What is expected.
Word for word, restate the entries below from their first line through the line that contains "Evlilik yüzüğünü UYUMDER’e bağışladı".

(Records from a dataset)
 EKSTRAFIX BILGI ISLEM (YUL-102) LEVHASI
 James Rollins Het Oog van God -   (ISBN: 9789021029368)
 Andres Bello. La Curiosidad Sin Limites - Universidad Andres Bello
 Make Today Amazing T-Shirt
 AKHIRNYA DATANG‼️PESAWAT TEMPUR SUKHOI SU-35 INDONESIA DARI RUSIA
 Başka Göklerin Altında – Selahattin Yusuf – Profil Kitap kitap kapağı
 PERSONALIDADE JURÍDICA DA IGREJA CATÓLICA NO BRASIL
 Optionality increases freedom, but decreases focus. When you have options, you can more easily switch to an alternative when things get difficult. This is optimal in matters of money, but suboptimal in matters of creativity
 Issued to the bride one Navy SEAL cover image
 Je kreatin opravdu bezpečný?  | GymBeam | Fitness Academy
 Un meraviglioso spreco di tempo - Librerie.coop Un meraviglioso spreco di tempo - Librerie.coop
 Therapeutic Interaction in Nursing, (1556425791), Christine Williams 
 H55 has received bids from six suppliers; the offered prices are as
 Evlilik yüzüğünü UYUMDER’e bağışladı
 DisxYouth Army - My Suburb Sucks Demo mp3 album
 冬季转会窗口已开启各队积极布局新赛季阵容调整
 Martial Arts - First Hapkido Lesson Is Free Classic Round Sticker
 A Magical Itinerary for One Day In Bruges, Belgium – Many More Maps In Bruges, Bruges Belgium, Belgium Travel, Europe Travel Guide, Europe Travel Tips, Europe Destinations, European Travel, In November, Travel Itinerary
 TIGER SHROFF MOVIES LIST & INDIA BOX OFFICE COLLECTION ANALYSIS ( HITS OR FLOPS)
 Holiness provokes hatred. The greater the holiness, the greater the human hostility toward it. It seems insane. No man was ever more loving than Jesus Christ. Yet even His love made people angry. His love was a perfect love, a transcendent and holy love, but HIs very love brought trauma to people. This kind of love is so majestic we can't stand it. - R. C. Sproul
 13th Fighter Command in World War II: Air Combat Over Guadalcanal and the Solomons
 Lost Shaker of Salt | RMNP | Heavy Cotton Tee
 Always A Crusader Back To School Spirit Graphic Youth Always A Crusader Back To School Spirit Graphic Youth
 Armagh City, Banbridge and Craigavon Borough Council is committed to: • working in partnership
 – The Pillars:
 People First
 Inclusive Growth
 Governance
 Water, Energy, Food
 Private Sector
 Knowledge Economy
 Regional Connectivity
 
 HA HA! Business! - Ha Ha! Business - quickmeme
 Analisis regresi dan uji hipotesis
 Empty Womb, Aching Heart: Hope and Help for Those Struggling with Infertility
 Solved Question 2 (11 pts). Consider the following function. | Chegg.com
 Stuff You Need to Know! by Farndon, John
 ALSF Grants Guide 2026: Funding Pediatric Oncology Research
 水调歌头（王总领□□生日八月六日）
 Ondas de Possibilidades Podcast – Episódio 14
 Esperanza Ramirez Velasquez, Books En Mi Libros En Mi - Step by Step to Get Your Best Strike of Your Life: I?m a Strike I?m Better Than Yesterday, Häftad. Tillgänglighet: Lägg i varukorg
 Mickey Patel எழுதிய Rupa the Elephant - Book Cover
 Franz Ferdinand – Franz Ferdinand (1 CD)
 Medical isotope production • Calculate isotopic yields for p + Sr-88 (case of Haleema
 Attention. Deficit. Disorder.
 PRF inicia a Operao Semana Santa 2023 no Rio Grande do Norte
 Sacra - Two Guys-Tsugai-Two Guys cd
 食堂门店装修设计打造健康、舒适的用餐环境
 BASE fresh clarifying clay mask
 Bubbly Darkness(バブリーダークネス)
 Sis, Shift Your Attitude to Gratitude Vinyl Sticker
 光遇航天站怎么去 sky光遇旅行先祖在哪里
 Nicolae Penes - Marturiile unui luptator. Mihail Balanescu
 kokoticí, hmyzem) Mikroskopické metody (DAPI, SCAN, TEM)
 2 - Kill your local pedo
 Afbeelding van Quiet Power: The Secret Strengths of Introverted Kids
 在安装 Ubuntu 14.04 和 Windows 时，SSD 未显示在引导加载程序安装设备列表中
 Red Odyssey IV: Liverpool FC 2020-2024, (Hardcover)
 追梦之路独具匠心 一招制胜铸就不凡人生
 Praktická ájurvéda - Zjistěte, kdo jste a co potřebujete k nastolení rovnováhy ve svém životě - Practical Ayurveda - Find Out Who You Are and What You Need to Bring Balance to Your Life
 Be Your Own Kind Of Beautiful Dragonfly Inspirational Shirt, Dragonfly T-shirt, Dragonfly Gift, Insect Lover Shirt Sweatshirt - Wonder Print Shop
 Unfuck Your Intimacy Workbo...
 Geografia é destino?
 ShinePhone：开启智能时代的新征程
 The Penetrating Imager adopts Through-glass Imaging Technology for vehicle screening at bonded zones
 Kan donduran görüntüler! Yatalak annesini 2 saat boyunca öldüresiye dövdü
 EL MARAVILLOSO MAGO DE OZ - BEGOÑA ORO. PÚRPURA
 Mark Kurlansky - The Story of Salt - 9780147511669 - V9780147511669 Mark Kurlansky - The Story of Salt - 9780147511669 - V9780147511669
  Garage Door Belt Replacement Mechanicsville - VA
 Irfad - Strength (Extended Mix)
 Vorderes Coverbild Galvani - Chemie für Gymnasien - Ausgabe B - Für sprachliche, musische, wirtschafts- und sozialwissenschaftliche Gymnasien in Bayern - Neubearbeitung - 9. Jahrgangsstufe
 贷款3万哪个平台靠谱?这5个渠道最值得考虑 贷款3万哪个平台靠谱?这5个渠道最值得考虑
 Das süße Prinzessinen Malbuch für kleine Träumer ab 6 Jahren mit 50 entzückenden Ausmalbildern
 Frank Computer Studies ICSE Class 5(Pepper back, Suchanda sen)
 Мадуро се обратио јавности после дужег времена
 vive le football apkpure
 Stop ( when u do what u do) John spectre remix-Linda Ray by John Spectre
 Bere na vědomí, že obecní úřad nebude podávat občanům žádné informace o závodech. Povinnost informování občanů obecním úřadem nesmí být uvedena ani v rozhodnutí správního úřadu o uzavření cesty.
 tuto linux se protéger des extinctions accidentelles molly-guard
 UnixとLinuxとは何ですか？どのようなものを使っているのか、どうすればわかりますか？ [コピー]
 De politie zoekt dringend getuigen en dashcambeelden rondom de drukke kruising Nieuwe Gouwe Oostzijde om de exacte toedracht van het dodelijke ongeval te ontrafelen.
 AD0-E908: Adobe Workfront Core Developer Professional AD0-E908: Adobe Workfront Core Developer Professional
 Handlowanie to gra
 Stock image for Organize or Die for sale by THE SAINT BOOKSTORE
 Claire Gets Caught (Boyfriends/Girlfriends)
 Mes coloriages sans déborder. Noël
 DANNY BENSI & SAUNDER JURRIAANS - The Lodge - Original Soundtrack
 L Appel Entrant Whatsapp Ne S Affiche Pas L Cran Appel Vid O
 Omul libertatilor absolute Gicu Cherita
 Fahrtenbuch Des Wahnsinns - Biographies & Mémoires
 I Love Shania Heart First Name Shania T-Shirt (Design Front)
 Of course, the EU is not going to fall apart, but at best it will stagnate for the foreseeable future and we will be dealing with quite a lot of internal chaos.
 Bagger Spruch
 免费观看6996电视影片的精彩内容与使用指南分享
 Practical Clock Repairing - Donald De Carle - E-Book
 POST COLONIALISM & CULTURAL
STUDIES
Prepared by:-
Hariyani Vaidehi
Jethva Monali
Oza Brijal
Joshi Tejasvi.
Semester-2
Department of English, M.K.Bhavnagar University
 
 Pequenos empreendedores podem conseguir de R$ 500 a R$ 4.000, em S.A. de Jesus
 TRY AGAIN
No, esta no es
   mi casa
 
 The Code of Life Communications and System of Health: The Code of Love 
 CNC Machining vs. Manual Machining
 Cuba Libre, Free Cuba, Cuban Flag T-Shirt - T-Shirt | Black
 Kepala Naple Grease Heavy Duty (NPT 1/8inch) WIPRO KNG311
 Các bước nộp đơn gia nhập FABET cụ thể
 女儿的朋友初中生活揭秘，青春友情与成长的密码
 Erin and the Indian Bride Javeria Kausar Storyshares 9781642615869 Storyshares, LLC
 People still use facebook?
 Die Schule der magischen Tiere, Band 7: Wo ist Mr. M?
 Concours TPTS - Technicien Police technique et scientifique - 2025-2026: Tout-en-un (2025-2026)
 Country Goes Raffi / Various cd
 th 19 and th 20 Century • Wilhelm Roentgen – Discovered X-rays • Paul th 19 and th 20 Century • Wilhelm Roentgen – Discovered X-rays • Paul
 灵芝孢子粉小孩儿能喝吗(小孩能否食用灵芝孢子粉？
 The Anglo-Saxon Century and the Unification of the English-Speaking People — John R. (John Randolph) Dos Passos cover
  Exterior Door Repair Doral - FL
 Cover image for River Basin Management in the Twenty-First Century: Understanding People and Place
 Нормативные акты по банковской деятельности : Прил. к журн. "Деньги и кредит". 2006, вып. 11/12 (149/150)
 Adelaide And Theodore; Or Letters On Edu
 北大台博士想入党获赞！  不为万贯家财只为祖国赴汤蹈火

Task solution.
 EKSTRAFIX BILGI ISLEM (YUL-102) LEVHASI
 James Rollins Het Oog van God -   (ISBN: 9789021029368)
 Andres Bello. La Curiosidad Sin Limites - Universidad Andres Bello
 Make Today Amazing T-Shirt
 AKHIRNYA DATANG‼️PESAWAT TEMPUR SUKHOI SU-35 INDONESIA DARI RUSIA
 Başka Göklerin Altında – Selahattin Yusuf – Profil Kitap kitap kapağı
 PERSONALIDADE JURÍDICA DA IGREJA CATÓLICA NO BRASIL
 Optionality increases freedom, but decreases focus. When you have options, you can more easily switch to an alternative when things get difficult. This is optimal in matters of money, but suboptimal in matters of creativity
 Issued to the bride one Navy SEAL cover image
 Je kreatin opravdu bezpečný?  | GymBeam | Fitness Academy
 Un meraviglioso spreco di tempo - Librerie.coop Un meraviglioso spreco di tempo - Librerie.coop
 Therapeutic Interaction in Nursing, (1556425791), Christine Williams 
 H55 has received bids from six suppliers; the offered prices are as
 Evlilik yüzüğünü UYUMDER’e bağışladı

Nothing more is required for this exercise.